A handful of cars were towed on Guardsman Pass during last weekend’s snow storm after snow plows were blocked from accessing the road. KPCW’s Sean Higgins reports on the importance of proper winter trail access parking.
Trail access issues in Park City are not a new topic. An explosion in the popularity of trails in and around Park City in recent years has led to a number of problems like crowded trailheads, trespassing, and increased noise and parking problems.
This past weekend, dozens of cars were parked on Guardsman Pass above Park City and a handful were towed after a snowplow was not able to get through and access the road.

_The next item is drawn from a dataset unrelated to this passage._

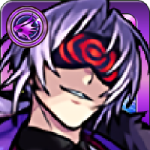 グロース_アイコン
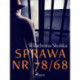 Sprawa nr 78/68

Park City Trails and Open Space Program Manager Heinrich Deters says there are over two dozen parking spots for trail access on Guardsman Pass above the roundabout at the Montage. He says the plowing in that area is actually done by the Talisker Club, not the city, and trail users need to be mindful of plowing needs as snow continues to fall in Park City.

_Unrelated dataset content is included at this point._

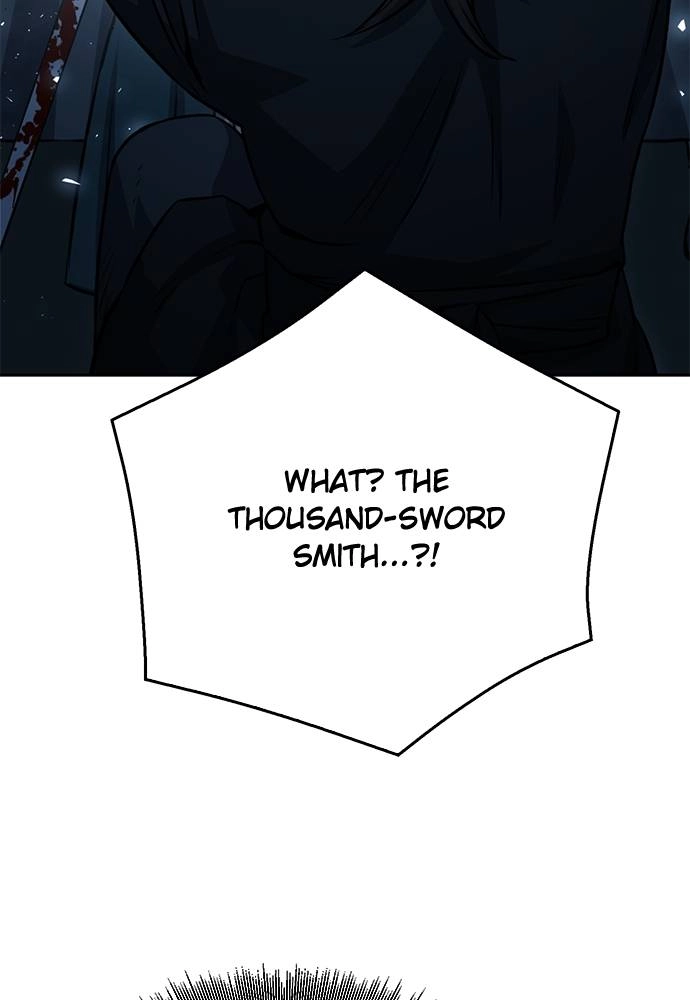 The Druid of Seoul Station Chapter 118 - Page 4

“There’s 25 spots there,” says Deters. “Obviously, depending on the winter and the plowing, that can obviously be minimized when we have a big snow year. I know that that road gets very skinny and congested, especially with the plowing, and the plowing is very important in that area. Talisker provides plowing in that stretch of Marsac, if you will , it’s basically Guardsmans and Marsac. It’s really something to plan ahead and then, you know, if you’re going someplace, park in the designated trailhead areas and that would be a suggestion by myself.”
He adds as upper Guardsman Pass closes to traffic in the winter, planning ahead becomes even more important
Parking enforcement at various trailheads in the greater Snyderville basin actually began earlier this summer in an effort to clamp down on trail users parking in residential areas instead of designated trailhead parking.
One of the main justifications given by Summit County for the increased enforcement was that crowded street parking would not allow enough room for emergency vehicles and snow clearing equipment to access the street -- which is exactly what happened on Guardsman Pass last weekend.
In response, Deters and his counterparts in Wasatch County, the Mountain Trails Foundation, and Basin Recreation will soon be releasing information on preferred winter trail access. Deters says the more information available to winter trail users, the more ticketing and towing of cars can be avoided.
“So, I think the best bet for people is to really sort of plan ahead,” he says. “The new Wasatch County trails manager, Charlie [Sturgis] with Mountain Trails, Matt [Wagoner] with the Basin [Recreation], and myself, we’re working right now on winter trails suggested access areas. It’s probably some areas that have the appropriate parking, they have facilities associated with it and we’re sort of encouraging people to go to those areas.”